The team, which includes former Diageo production director Alan Rutherford and master distiller Chris Anderson, alongside trainee distiller John Drake and Business Development Manager Katie Read, has already released The One (made from a blend of whiskies from the British Isles) and has begun production of its Lakes Gin.
And now, after years of planning, things are finally coming to a head for the main attraction: the whisky. All being well, the distillery will produce its first spirit from the whisky stills on the 22 November and begin another chapter for English whisky making.
I was fortunate to head up to visit the distillery in late August, when it was still very much in the building stage – a fascinating time to visit and a rare chance to see just what a distillery looks like before everything is ready for revealing.
Set on a former Victorian model farm, the distillery was long in the planning process since people in the region are very protective of the local landscape, Paul told me.

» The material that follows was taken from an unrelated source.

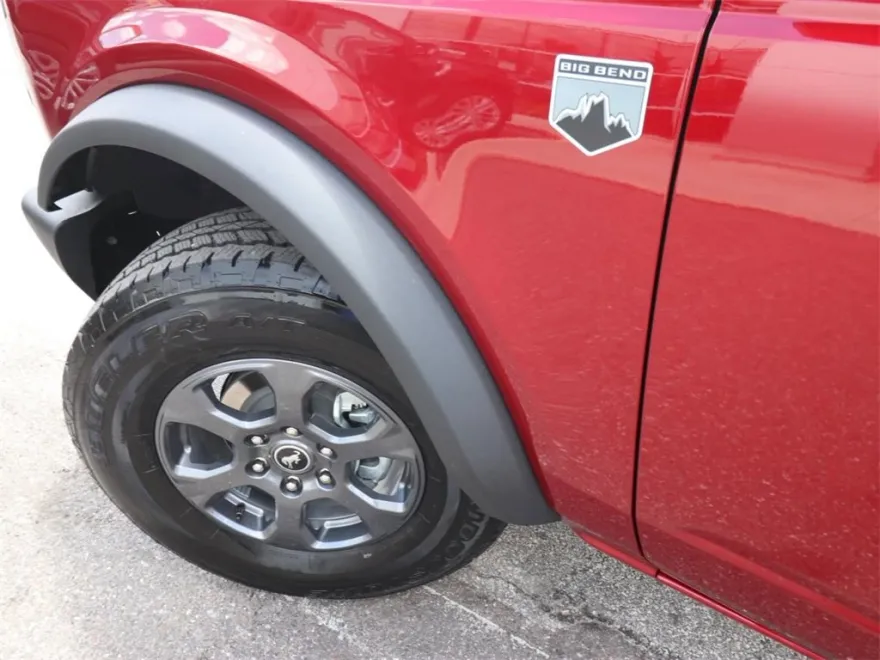 2025 Ford Bronco Big Bend photo 1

In fact, his brother had tried years before to establish a distillery in the Lakes but failed when it got to the planning permission stage.

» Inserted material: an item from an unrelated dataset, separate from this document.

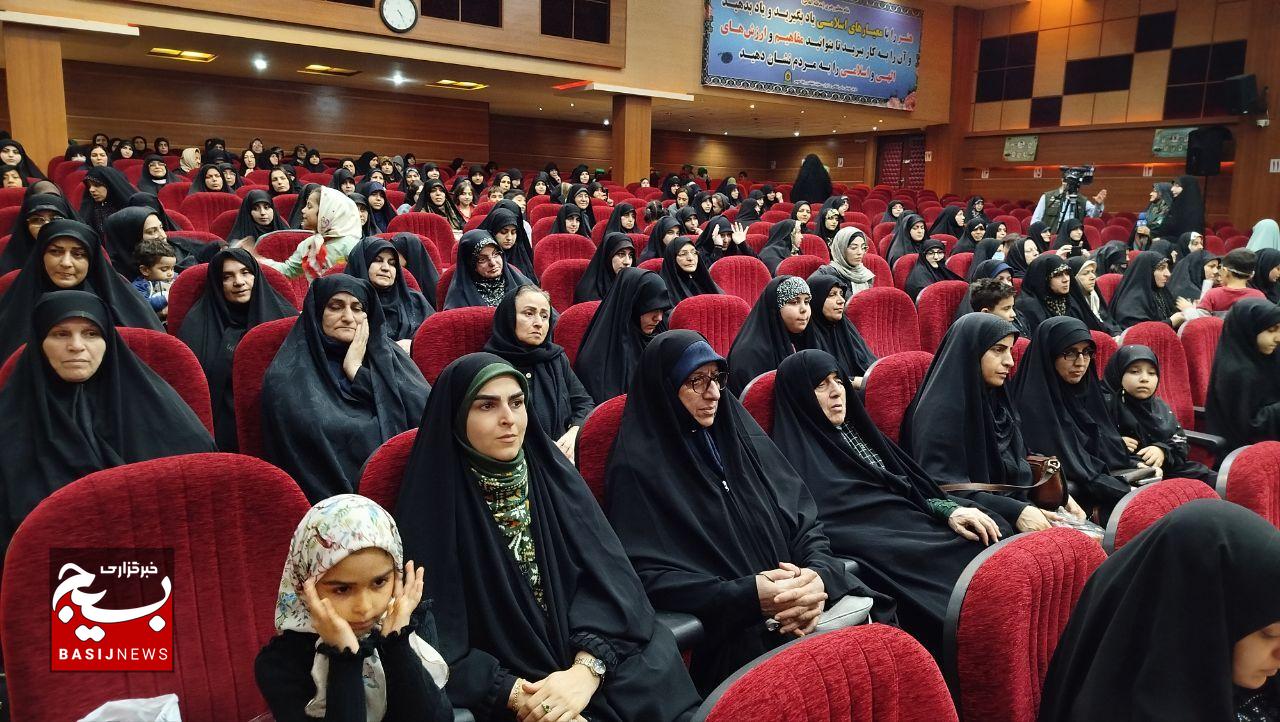 زن، عنصر تمدن‌ساز اسلامی است 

So, it was a bit of the four-leaf luck that saw this one through, Paul said, telling me that even on the day it went to the council he was sure it would be turned down. As it happens, the bid sneaked through and the excitement was huge: it is the first distillery in this region, which gets millions of tourists a year – two key selling points for any business owner.
While the farm had been derelict for 20 years, part of the agreement with the build was that everything would stay true to the roots of the architecture on site – meaning, a build as complicated as one you see on Grand Designs. The roof of each building had to be lifted off to lower in the equipment, and then put back in their original fashion and repaired to the original design.
The result – at least that I saw when it was in its early stages – was stunning, all old stone work buildings with peaked wooden roofs, surrounded by bright green hedgerows and thick, bushy forests.
Inside the main building, the four washbacks supplied from a brewery supplier called Musk sit at one end of the long hall, while at the other, it has two whisky stills (the 3.5k L spirit still called Susan and the 5.5k L wash still called Rachel) made by McMillan in Scotland, and a gin still (named Chemmy, after British world cup alpine ski racer, Chemmy Alcott, who is the gin’s ambassador). The plan is to do an 80-90 hour fermentation, and the distillery has put in a stainless steel condenser and a copper one so they can alternate between them and create different styles of new make spirit on the same stills.
“We’re going to have ‘mad March’ where we try lots of different things like a heavily peated style and a bourbon style,” Paul said.
When it comes to maturation, the team are also looking to go beyond the traditional American and European oak cask styles, and plans to use virgin oak, chestnut and maple, some of which will be made into smaller, 50L casks to speed up maturation.
Once tours begin, there are plans to make the first part of the visitor experience on the lower floor thoroughly modern, with an interactive flight simulator film that takes people around the local area and a 3D hologram of an old distiller, which will talk guests through some of the process.
The other big draw is to be a 70 seat bistro, which is being implemented by Michelin star chef Terry Laybourne, who is to create a menu that will rely on local ingredients but still be priced at an accessible point for visitors. Another private dining room that looks directly into the maturation warehouses was also being constructed when I was there and looked to create a thoroughly stunning experience.
And while it is still very early days for this latest whisky-making venture I am very excited to see where this outfit goes. With a founder whose background is already in whisky-making at Arran, and a formidable team, I have no doubt that this distillery is here to stay. As Katie (the Business Development Manager and recently interviewed Whisky Woman) told me during my visit, it is hard to not feel inspired when you’re surrounded by such lovely symbols as the quatrefoils dotted about the land.
“We have Faith in the project after putting in £5m to see it off the ground; we have Hope that we will produce a world class whisky; we look to have Luck in our work; and with have Love from everyone that is a part of this project.
“What we really want to do is celebrate the amazing place that is the Lake District – from the people to the water and the beauty. And we are so excited to be a part of this new modern whisky history and we plan to take that tradition and history, but give it the signature of today.”